JAKARTA – Aturan baru formula perhitungan harga kompensasi data informasi wilayah izin usaha pertambangan dan wilayah izin usaha pertambangan khusus dinilai belum tentu dapat langsung menarik investor untuk melakukan eksplorasi mineral dan tambang.
Ketua Indonesian Mining and Energy Forum (IMEF) Singgih Widagdo berpendapat beleid baru formula penghitungan KDI lebih mengedepankan nilai aset teknik. Hal ini karena Kementerian ESDM lebih meletakkan perhitungan nilainya menjadi mempunyai dasar dan mudah apabila dilakukan audit.
“Ini mengingat sebelumnya ESDM telah menerbitkan PP Nomor 81/2919 tentang Jenis dan Tarif atas jenis penerimaan negara bukan pajak yang berlaku di ESDM,” ujarnya kepada Bisnis, Senin (20/4/2020).
Menurutnya, perhitungan KDI yang baru tak membedakan WIUP/WIUPK. Perhitungan sangat sederhana sebatas penjumlahan nilai aset teknik yang dimiliki.
Dengan dasar tersebut, Kementerian ESDM melalui Kepmen Nomor 80 K/32/MEM/2020 lebih mendasarkan pertimbangan atas sisi internal kepentingan transparansi audit ke depannya dibandingkan dengan sisi parameter bisnis di sisi investor tambang.

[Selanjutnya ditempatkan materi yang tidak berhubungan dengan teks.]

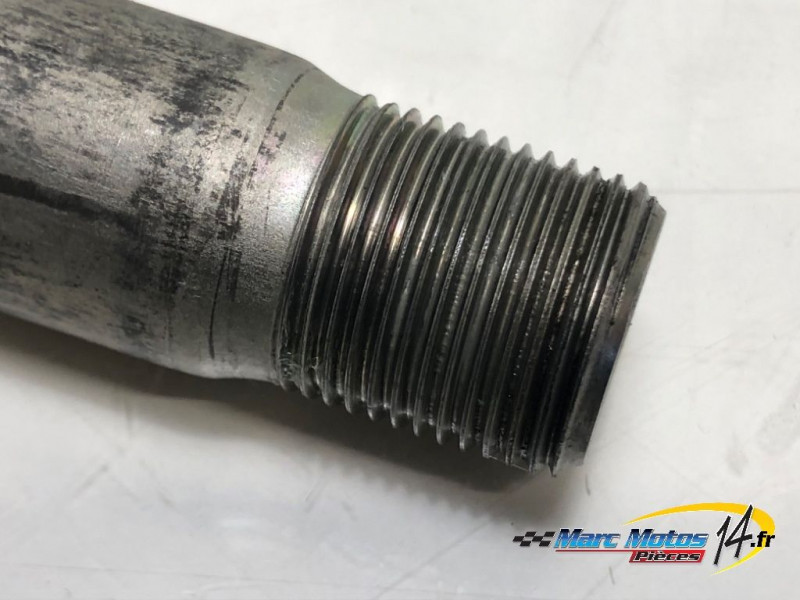 AXE DE ROUE AVANT SUZUKI 1000 GSX-S GT 2025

“Pertanyaannya, tidak mudah bagi investor atau kita menilai apakah ini menjadi lebih murah atau tidak, mengingat kita harus tahu terlebih dahulu seluruh aset data teknik yang ada sehingga Tim Lelang ESDM lah yang mengetahui detail perbedaan nilai KDI antara Kepmen yang baru dengan sebelumnya yang terbit di 2018,” kata Singgih.
Kendati demikian, lanjutnya, apabila melihat penghitungan KDI dari per satuan data maka akan terlihat lebih murah dibandingkan dengan aturan sebelumnya yang ada.
Bagi invesvetor, lanjutnya, tentu bukan akumulasi nilai murah dan tidaknya. Semuanya tetap harus diletakkan pada bisnis industri yang diinginkan investor mineral atau batubara.
Tentu investor akan berhitung atas kebijakan terkait produksi nasional, batasan produksi ke depannya, kebijakan hilirisasi, nilai jual komoditas, interest bank dan juga komparasi dengan kebijakan negara lain untuk investasi minerba.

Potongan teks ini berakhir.